What you have to do:
From the first entry to the last, restate everything word for word and exclude pictures.
++++ Materials provided
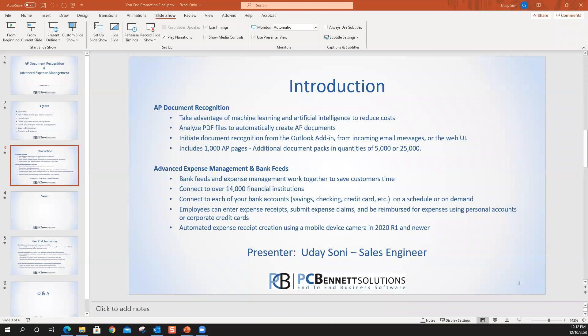Let me introduce Uday Soni, our sales engineer, as presenter. Uday is going to go in and provide the demo. We've got an hour — I don't think we'll need that long — and we'll have time for questions and answers at the end. Uday, I'm going to let you take it away.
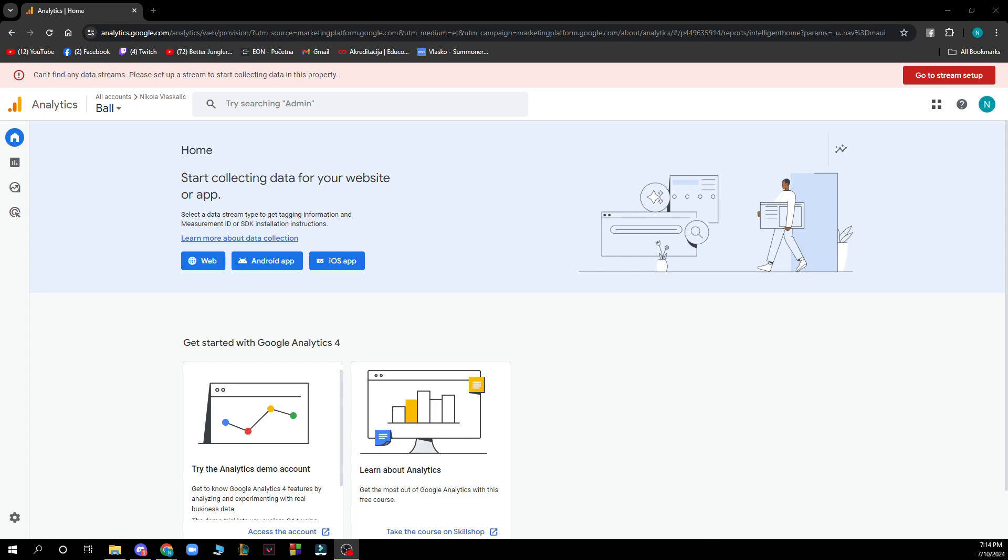So the first thing that you need to do is go to googleanalytics.google.com and you'll be greeted by a screen like this.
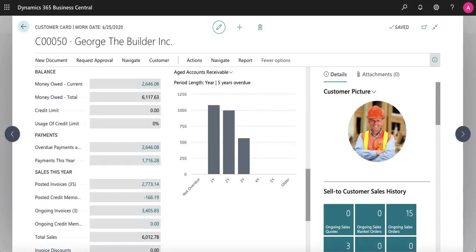You can quickly view sales statistics right on the customer card. Here you can see we're looking at current money owed, their credit limit, a glimpse into the payment history, and even just sales over the past year.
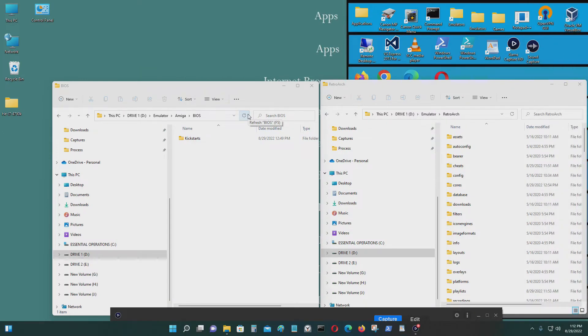Hello everyone. Today I'll be making a tutorial video on how you could use the Amiga emulator on RetroArch.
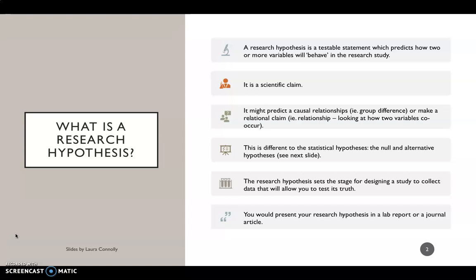The null and alternative hypotheses are statistical hypotheses, which we'll delve into in a minute. But what does the research hypothesis do? Well, it sets the stage for designing your study where you're going to go out and collect your data, which will allow you to test the truth of the hypothesis. And you would find your research hypothesis in a lab report or a journal article.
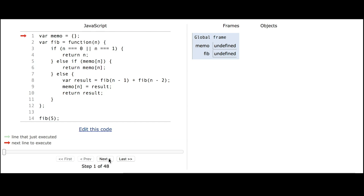This is a JavaScript function that generates the nth Fibonacci number using recursion as well as memoization. We're going to go through it and see what the computer actually does behind the scenes. The first thing it does is declare this data structure, which is an empty JavaScript object called memo, and that's where the memoization is going to happen later.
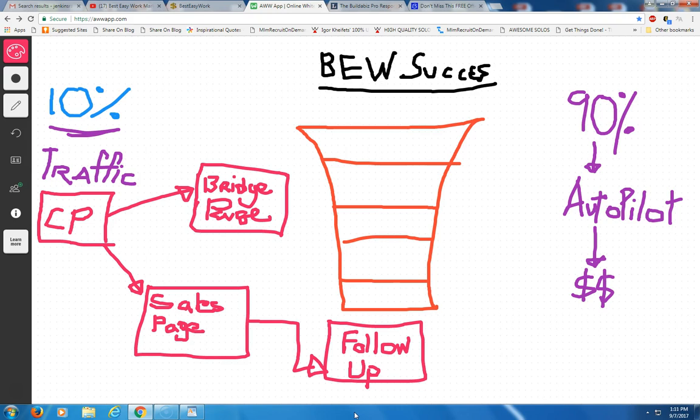I'm going to give some training on what it takes to become successful with Best Easy Work, how to get more leads and sales in your Best Easy Work business. And if you haven't joined yet, this is what you would do in order to get the ball rolling. Now, the first thing you can see here, this is a funnel. Every business has a funnel.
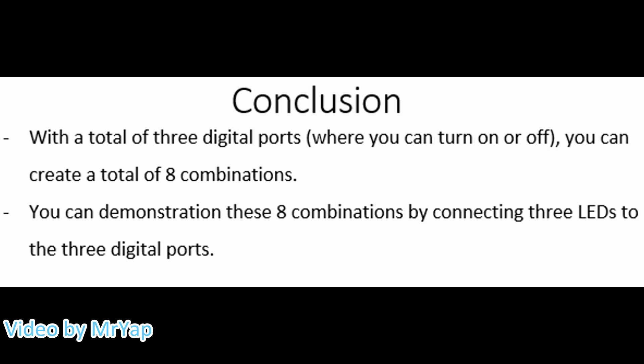In conclusion of this video, with a total of three digital ports where you can just turn it on or off, you can create a total of eight different combinations. You can demonstrate these different combinations by connecting three LEDs to the three digital ports. That's all for today's video. Hope to see you next time. Bye bye!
++++++++
Answer box:
Let me introduce Uday Soni, our sales engineer, as presenter. Uday is going to go in and provide the demo. We've got an hour — I don't think we'll need that long — and we'll have time for questions and answers at the end. Uday, I'm going to let you take it away.
So the first thing that you need to do is go to googleanalytics.google.com and you'll be greeted by a screen like this.
You can quickly view sales statistics right on the customer card. Here you can see we're looking at current money owed, their credit limit, a glimpse into the payment history, and even just sales over the past year.
Hello everyone. Today I'll be making a tutorial video on how you could use the Amiga emulator on RetroArch.
The null and alternative hypotheses are statistical hypotheses, which we'll delve into in a minute. But what does the research hypothesis do? Well, it sets the stage for designing your study where you're going to go out and collect your data, which will allow you to test the truth of the hypothesis. And you would find your research hypothesis in a lab report or a journal article.
This is a JavaScript function that generates the nth Fibonacci number using recursion as well as memoization. We're going to go through it and see what the computer actually does behind the scenes. The first thing it does is declare this data structure, which is an empty JavaScript object called memo, and that's where the memoization is going to happen later.
I'm going to give some training on what it takes to become successful with Best Easy Work, how to get more leads and sales in your Best Easy Work business. And if you haven't joined yet, this is what you would do in order to get the ball rolling. Now, the first thing you can see here, this is a funnel. Every business has a funnel.
In conclusion of this video, with a total of three digital ports where you can just turn it on or off, you can create a total of eight different combinations. You can demonstrate these different combinations by connecting three LEDs to the three digital ports. That's all for today's video. Hope to see you next time. Bye bye!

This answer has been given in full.